Ayrıca Kur’ân’ı hayata aktaran Hz. Peygamber’in yaptığı değişim ve dönüşümün özetini Ca’fer b. Ebû Tâlib’in Habeşistan kralı Necâşî Ashama ile yaptığı görüşmede görülmektedir:

“Ey Hükümdar! Biz cahiliye karanlıkları içinde yüzen bir kavimdik. Putlara tapar, ölü hayvan eti yer, günah işlerdik. Akrabalarla ilişkiyi keser, komşulara kötü davranırdık. Aramızda güçlü olanlar zayıfları ezerdi. Allah bize aramızdan soyunu, doğruluğunu, güvenilirliğini ve iffetini bildiğimiz bir elçi gönderinceye kadar bu şekilde yaşamaya devam ettik. Allah’ın elçisi, bizi Allah’ı birlemeye, O’na ibadet etmeye, bizim ve atalarımızın O’nun dışında ibadet ettiğimiz putları ve taşları terk etmeye davet etti. Bize doğru söylemeyi, emaneti yerine getirmeyi, akrabaları ziyaret etmeyi, komşulara iyi davranmayı; haramlardan sakınmayı ve insanları öldürmemeyi emretti. Bize kötü ve günah fiiller işlemeyi, kötü söz söylemeyi, yetimlerin malını yemeyi, iffetli kadına iftira etmeyi yasakladı. Allah’a ibadet etmeyi ve O’na herhangi bir şeyi ortak koşmamayı, namaz kılmayı, zekât vermeyi ve oruç tutmayı emretti. Onu tasdik ettik, ona inandık ve Allah’tan getirdiği mesajlar doğrultusunda ona uyduk. Böylece sadece Allah’a ibadet ettik ve O’na hiçbir şeyi ortak koşmadık. Bize haram kıldığını haram, helal kıldığını helal kabul ettik. Yüce Allah’a ibadetten ayrılıp eskisi gibi putlara tapmamız ve daha önce helal gördüğümüz kötülükleri helal görmemiz için kavmimiz bize düşmanlık yaptı. Bizi işkencelere maruz bıraktılar ve dinimizi terk etmemiz hususunda baskı yaptılar. Mekkeliler bize zulmedince ve baskılarını artırıp dinimizi yaşamamıza izin vermeyince senin memleketine geldik. Birçok hükümdar arasından seni seçtik ve sana komşu olmayı tercih ettik. Senin yanında zulme uğramayacağımızı umarak geldik ey hükümdar!” (Geniş bilgi için bkz. https://www.siyerdergisi.com/cafer-b-ebu-talib/  )
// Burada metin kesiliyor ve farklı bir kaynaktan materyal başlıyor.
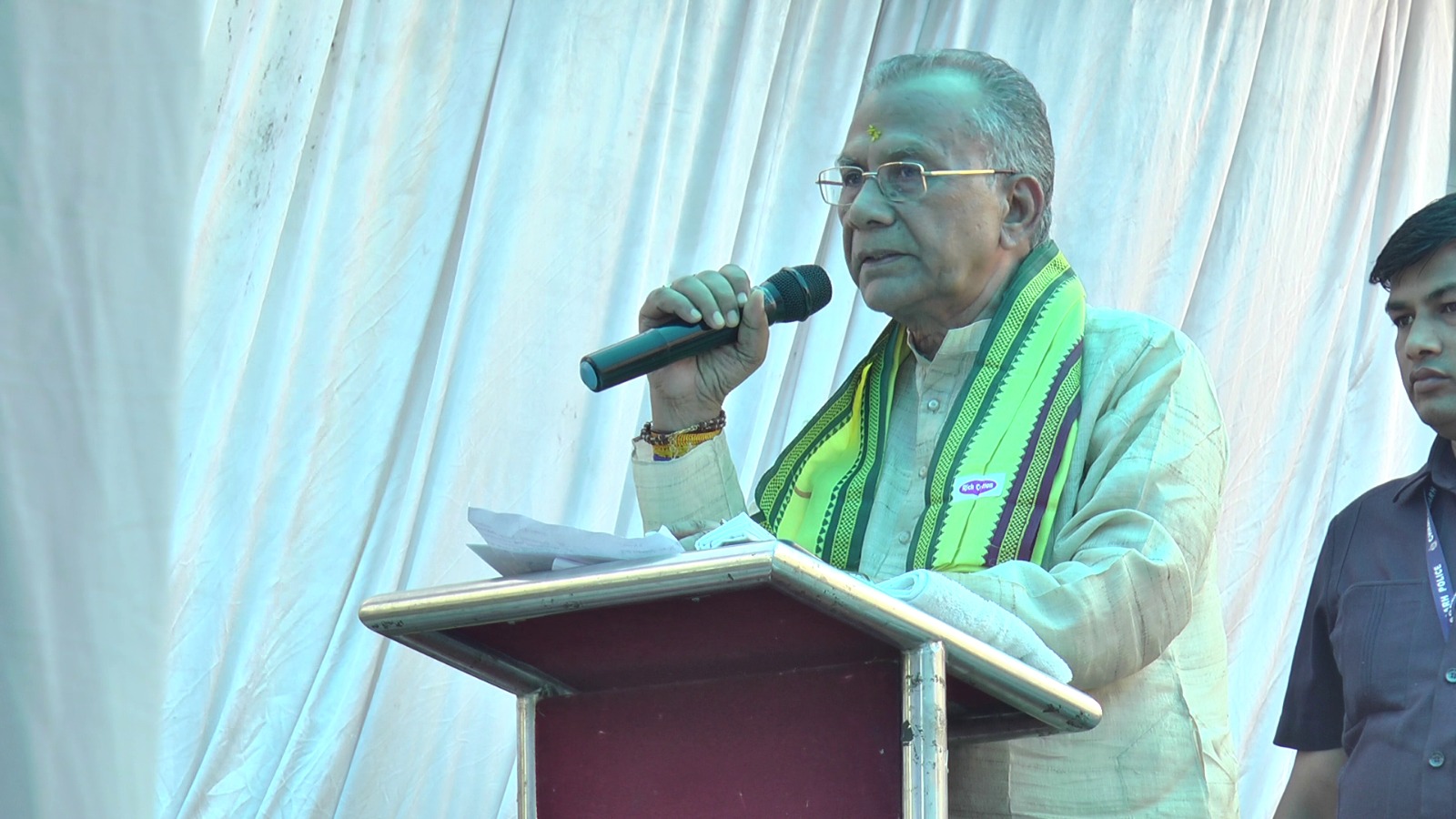 आदिवासी संस्कृति और परंपरा को अंतर्राष्ट्रीय स्तर पर मिल रही पहचान: प्रभारी मंत्री ताम्रध्वज साहू आदिवासी संस्कृति और परंपरा को अंतर्राष्ट्रीय स्तर पर मिल रही पहचान: प्रभारी मंत्री ताम्रध्वज साहू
Hz. Peygamber’in insanlığa tebliğ ettiği İslâm ile bunun karşısında konumlanan cahiliyenin özetlendiği yukarıdaki mesajlar ışığında Müslümanlığımızı gözden geçirmek gerekiyor. Müslümanlar olarak bugün İslâm’ı yansıtıyor muyuz yoksa yanlışlıklarımızla O’nu gölgeleyip lekeliyor muyuz? Biz ve toplumun ıslahında problem olan ilâhî buyruk mu yoksa ona muhatap olduğunu söyleyen biz Müslümanların yaşadığı İslâm mı?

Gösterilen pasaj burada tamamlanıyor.